Data to use:
┄┄┄┄┄┄┄┄┄┄┄┄┄┄┄┄┄┄┄┄

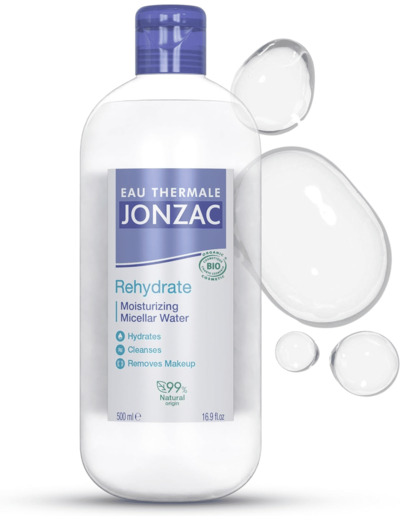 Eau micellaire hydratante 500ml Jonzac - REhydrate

┄┄┄┄┄┄┄┄┄┄┄┄┄┄┄┄┄┄┄┄

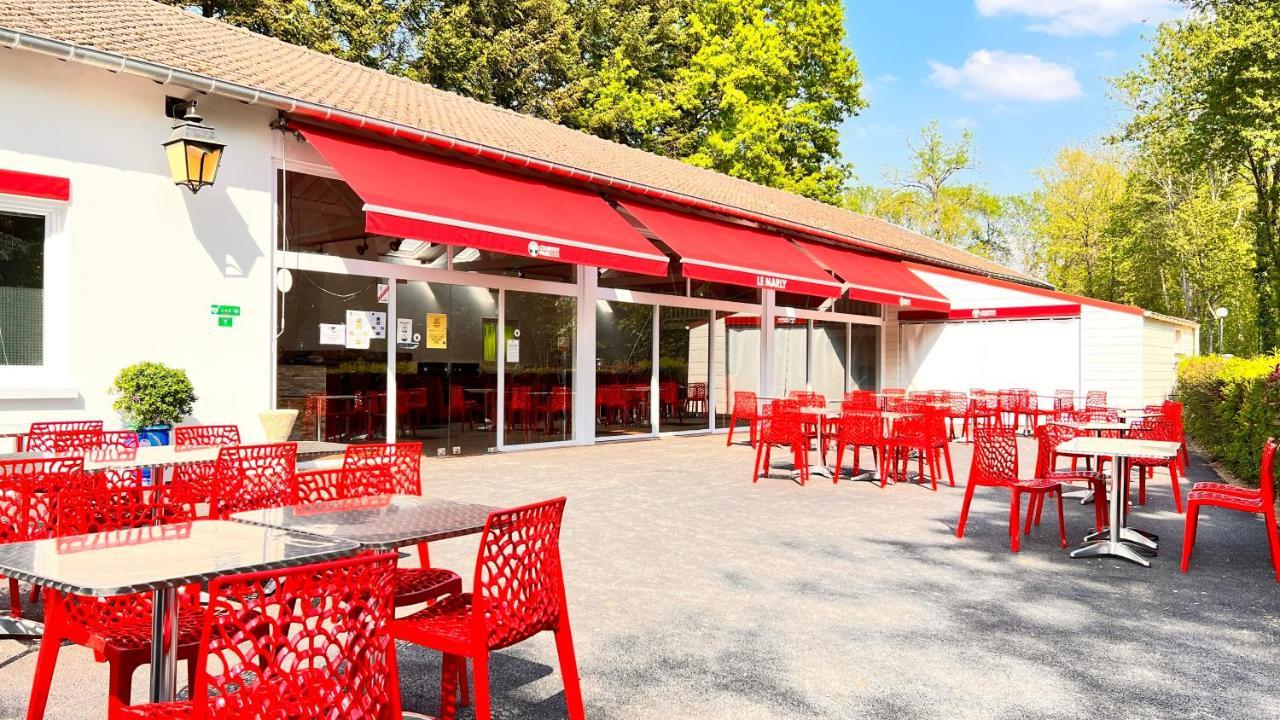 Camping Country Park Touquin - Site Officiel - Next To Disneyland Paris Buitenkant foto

┄┄┄┄┄┄┄┄┄┄┄┄┄┄┄┄┄┄┄┄

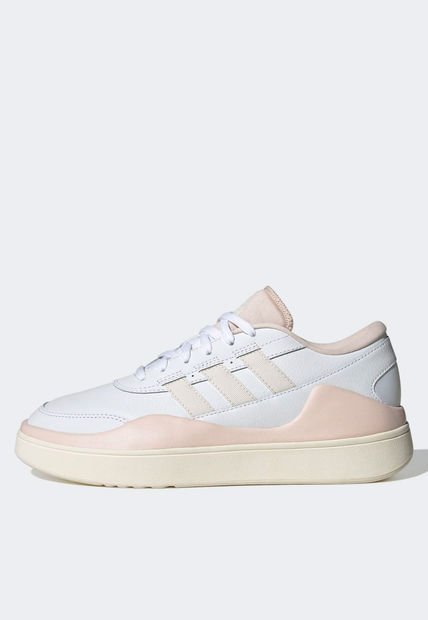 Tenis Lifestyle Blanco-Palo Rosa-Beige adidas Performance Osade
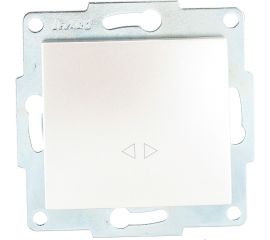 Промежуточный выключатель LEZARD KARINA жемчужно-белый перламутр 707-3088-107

┄┄┄┄┄┄┄┄┄┄┄┄┄┄┄┄┄┄┄┄

Task description: The result should be an exact copy of only the lines above from the one that holds "Tenis Lifestyle Blanco-Palo" through the one that holds "Промежуточный выключатель LEZARD", both ends included, without pictures.

The answer:
 Tenis Lifestyle Blanco-Palo Rosa-Beige adidas Performance Osade
 Промежуточный выключатель LEZARD KARINA жемчужно-белый перламутр 707-3088-107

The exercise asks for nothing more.